Economics Correspondent

Hopes that interest rates will fall in the US later this month received a setback yesterday from stronger-than-expected figures for manufacturing orders.

The disappointment held Wall Street back from setting a new record after its 63-point surge to 5,600.15 on Monday, but economists said there was still a chance that the Federal Reserve would reduce rates after its 26 March meeting. Figures for February employment, due on Friday, are likely to be decisive.

The Dow Jones index, which last week hit a high of 5,630.49, was four points lower at midday yesterday, having retraced an opening jump.
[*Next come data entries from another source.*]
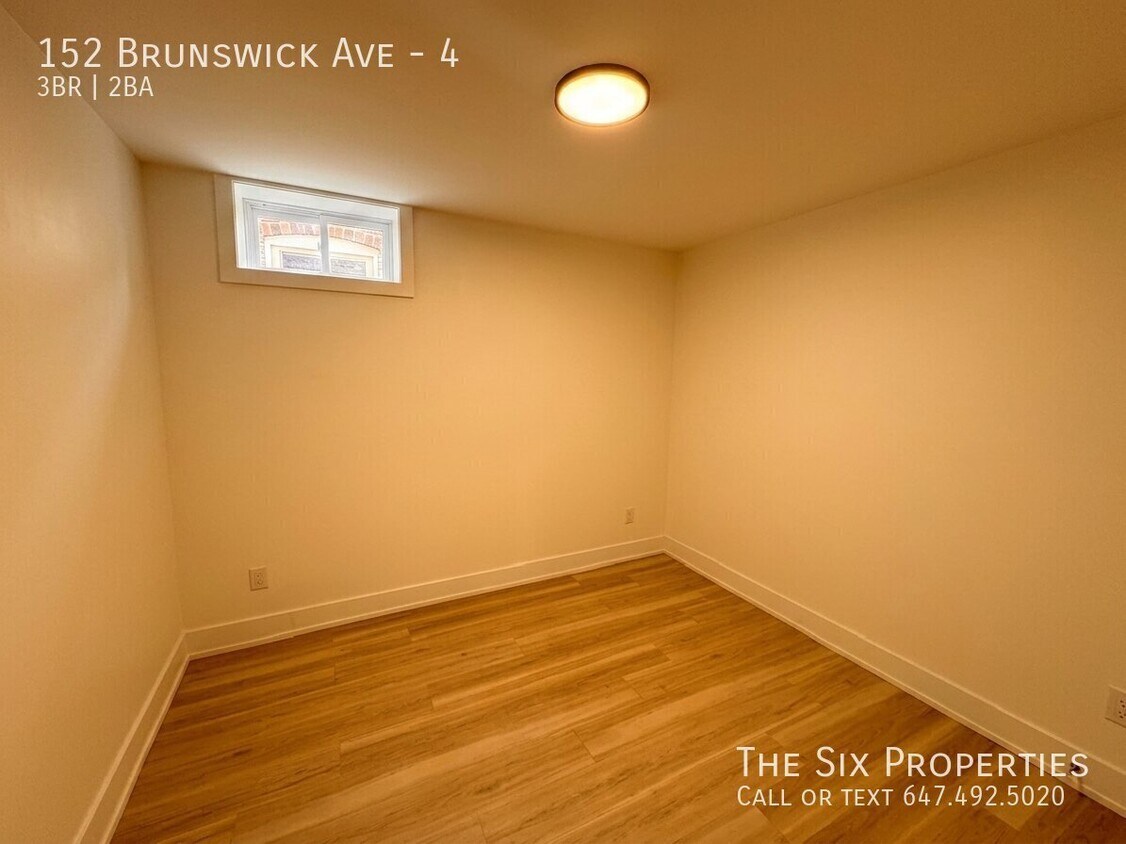 Photo du bâtiment - BRAND NEW LUXURY 3 BED 2 BATH NEAR U OF T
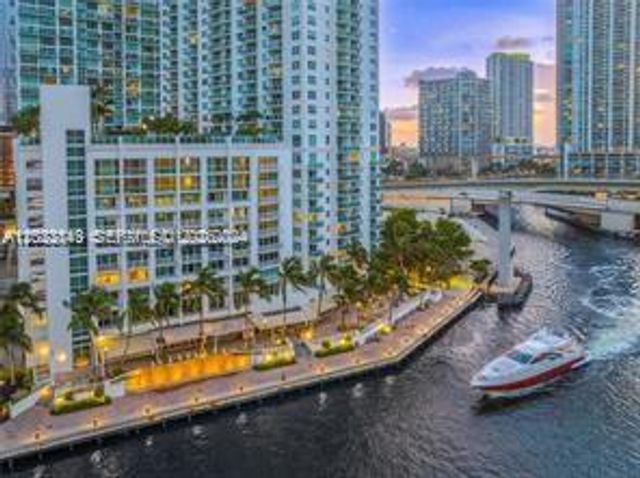 41 SE 5th St 2411, Miami, FL 33131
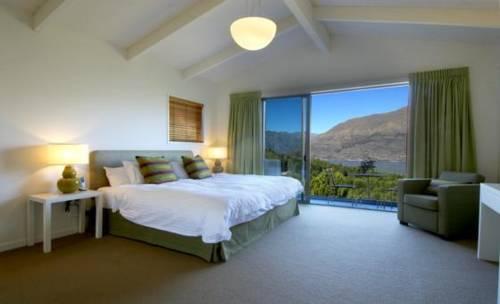 Southerly Hotel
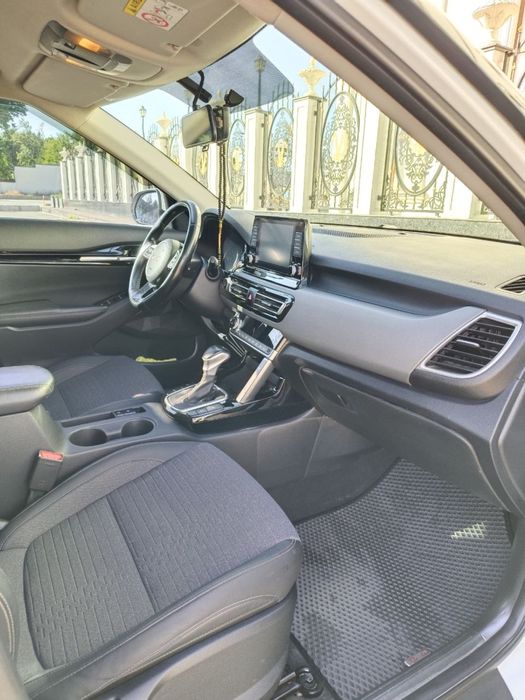 Продается KIA SELTOS  (style)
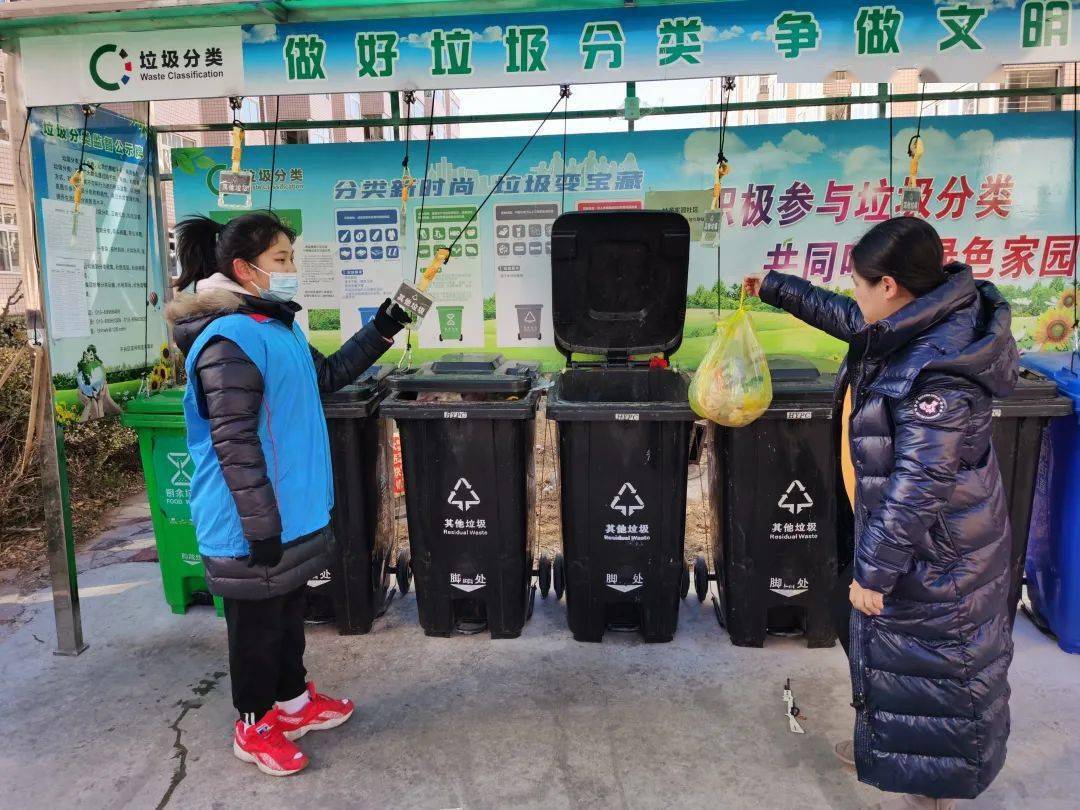 图文:平谷第一小学 美丽少年 美丽无限——桶前值守垃圾分类光盘行动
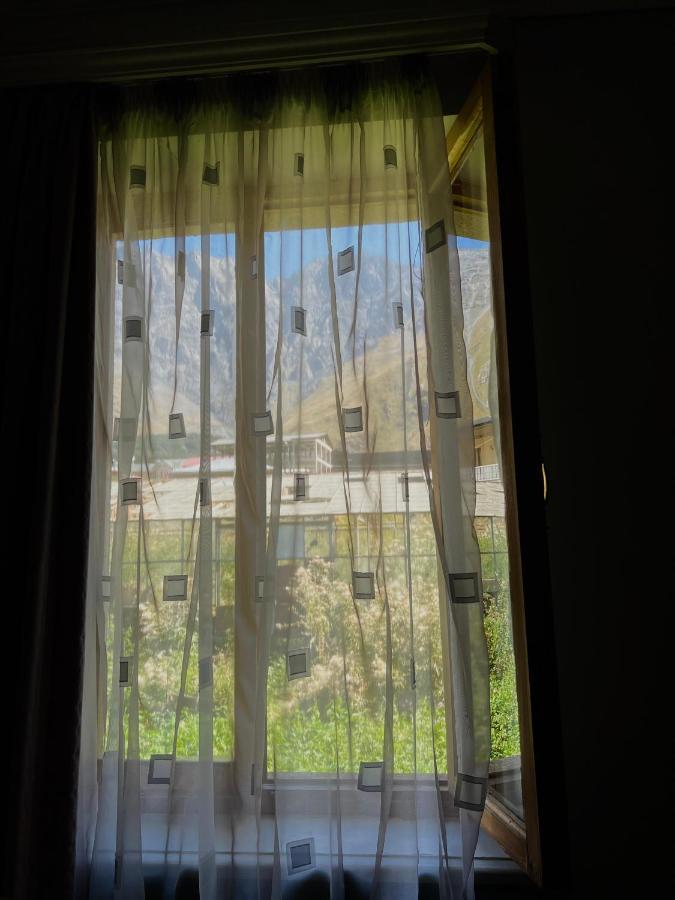 Guesthouse Kostava 72 Kazbegi Exterior foto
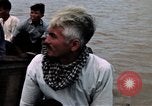 Immagine di Imbarcazione di pattuglia marinai di Fiume Il Vietnam Binh Thuy Air Base, 1967, secondo 49 filmato di repertorio 65675055546
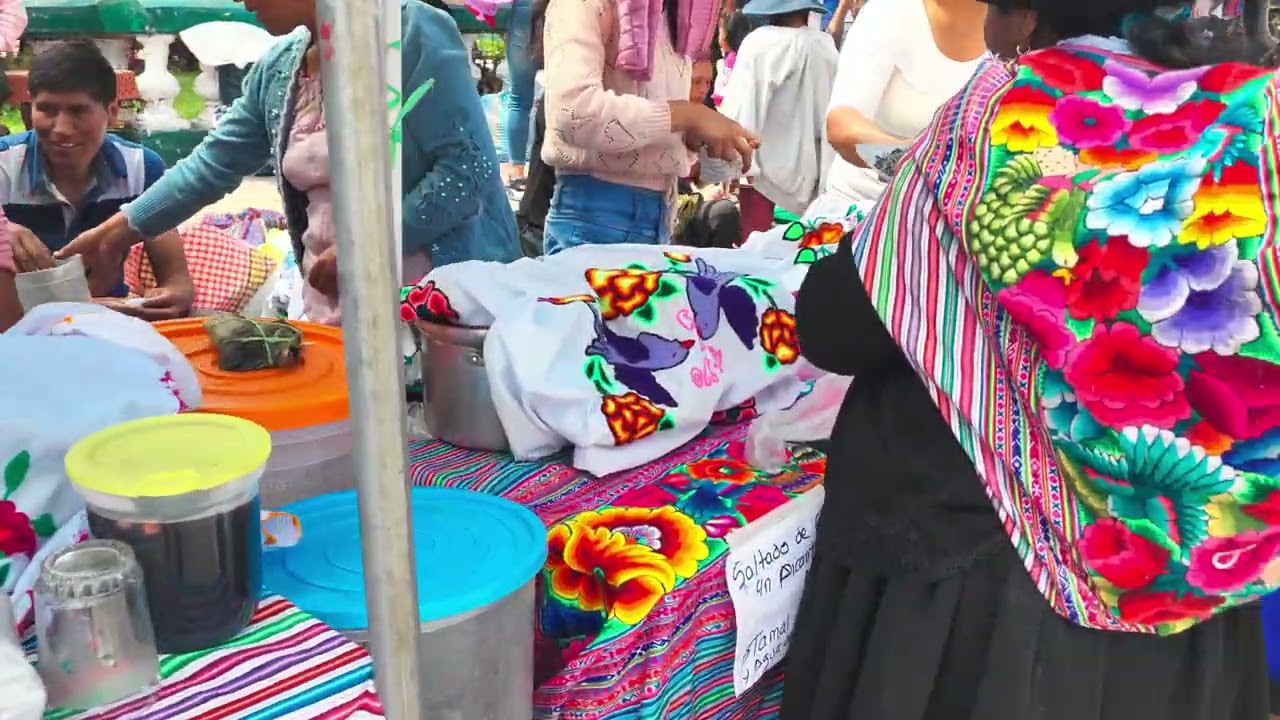 Feria agropecuaria en el distrito de Acosvinchos Ayacucho Perú.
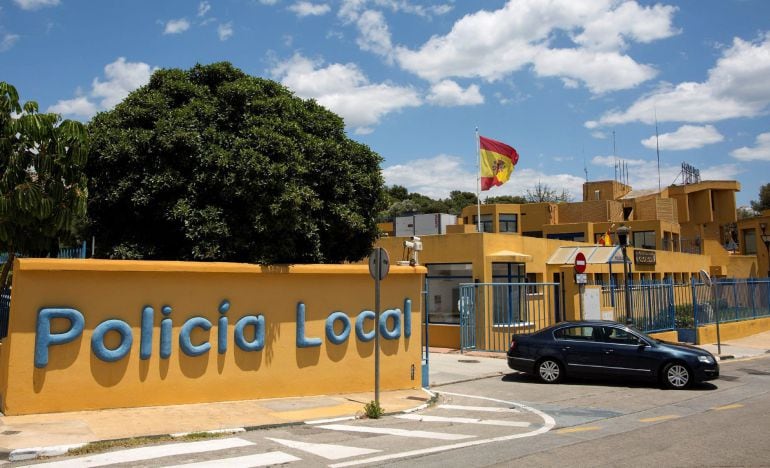 Vista exterior de la comisaría de la Policía Local de la localidad malagueña de Estepona a la que pertenecen los policías que han sido suspendidos de manera cautelar de empleo y sueldo y se encuentran detenidos por la Policía Nacional como presuntos respo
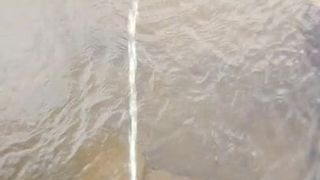 Pissen in den Fluss
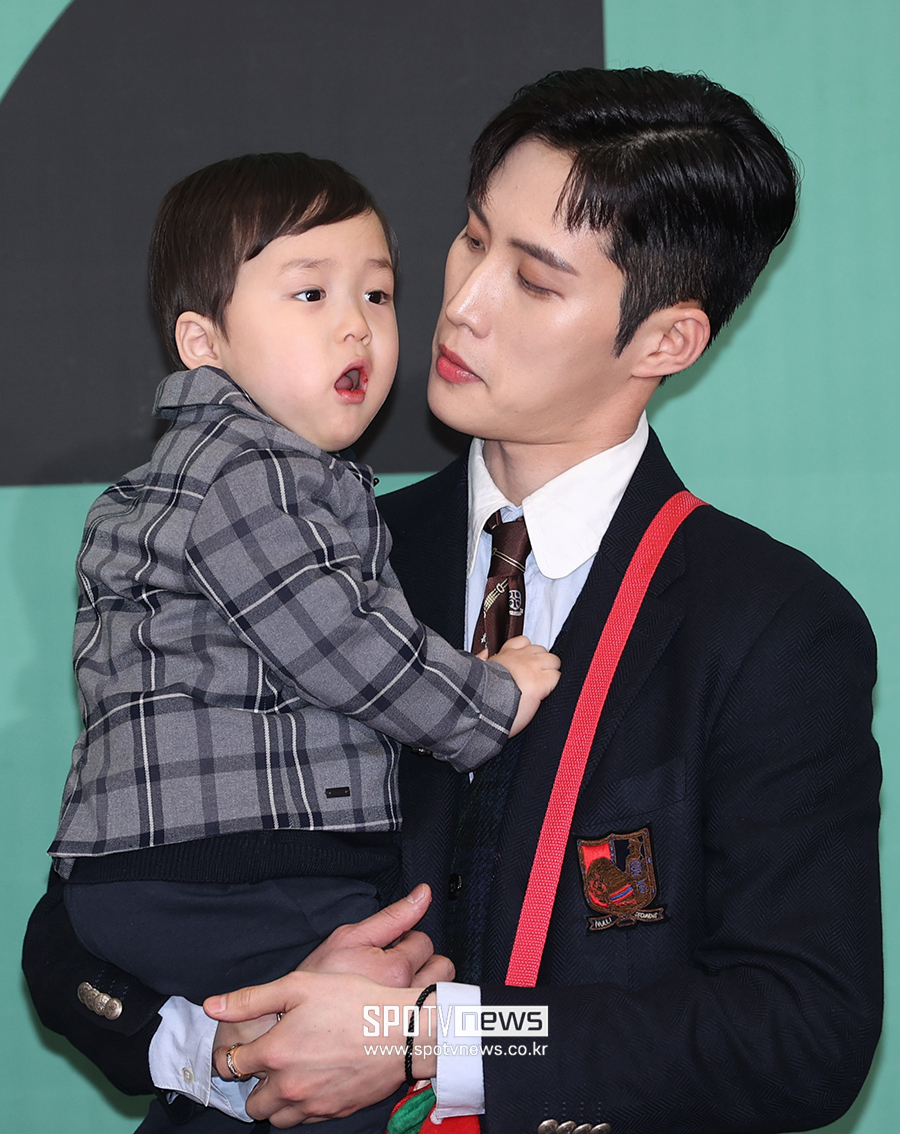 [포토S] 김준호, '아들 은우 바라보는 꿀 떨어지는 눈빛!'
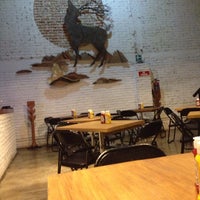 10/31/2013에 Diego R.님이 Smokey&amp;#39;s Burger House에서 찍은 사진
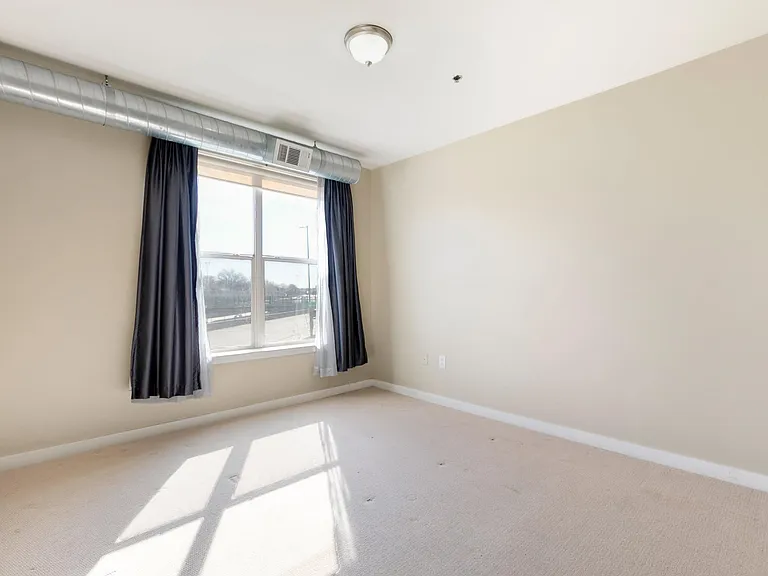1313 S Clarkson St #202 — Photo 16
Shares in London ended subdued after a buoyant start which took the FT-SE 100 index to a intra-day record of 3,792.5, although most analysts still firmly expect a cut in UK interest rates at the end of this week.

The FT-SE 100 index finished the day nearly nine points higher at 3777.1, just four points shy of its closing all-time high. Gilts fell slightly, following the lead of US Treasuries.

Germany's Bundesbank is also expected to ease policy, with 28 March seen as the most likely date. Shares in Frankfurt ended lower yesterday.

The culprit behind yesterday's volatility in the markets was an unexpected increase in US factory orders and orders for durable goods in January. Most economists had expected them to fall as a result of the blizzards that month.

Brian Fabbri, economist at the investment bank Paribas in New York, said: "The expectations were more affected by the weather than the figures turned out to be." He said on balance it still looked like the economy was uncomfortably weak in the first quarter of the year. New orders for factory goods rose 0. 5 per cent in January, their fourth increase in six months.